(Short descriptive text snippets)

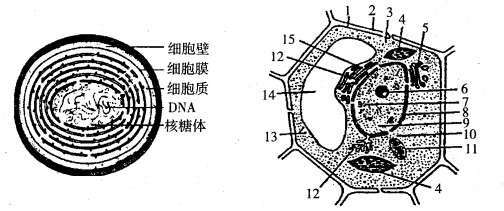 图(一)是蓝藻的结构模式图，图(二)是某生物的细胞亚显微结构示意图，请据图回答：(1)细胞是一个生命系统...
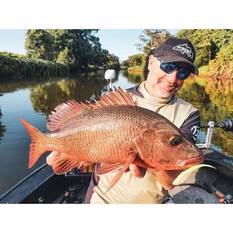 Rapala CrushCity Jerk Soft Plastic Lure 3.75in Pearl Watermelon, Pearl Watermelon, bcf_hi-res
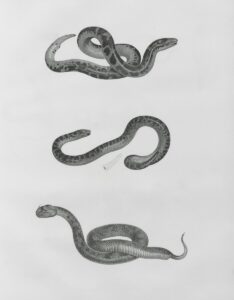 Libellous chatbots could be AI’s next big legal headache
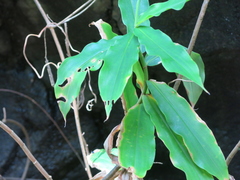 Costus comosus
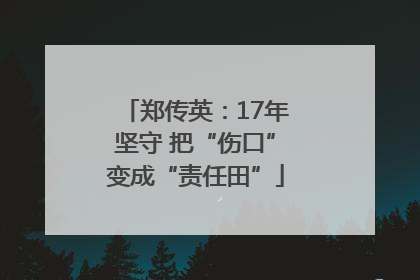郑传英：17年坚守 把“伤口”变成“责任田”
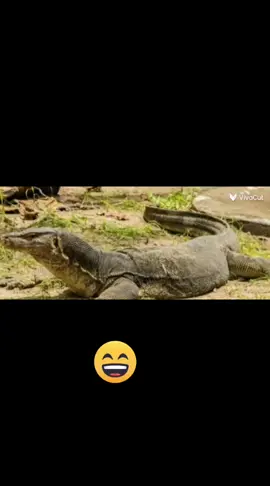 jajajaja😆😆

■ **The problem**
Each entry should be repeated exactly as it appears; the pictures stay out.

■ **Final answer**
 图(一)是蓝藻的结构模式图，图(二)是某生物的细胞亚显微结构示意图，请据图回答：(1)细胞是一个生命系统...
 Rapala CrushCity Jerk Soft Plastic Lure 3.75in Pearl Watermelon, Pearl Watermelon, bcf_hi-res
 Libellous chatbots could be AI’s next big legal headache
 Costus comosus
郑传英：17年坚守 把“伤口”变成“责任田”
 jajajaja😆😆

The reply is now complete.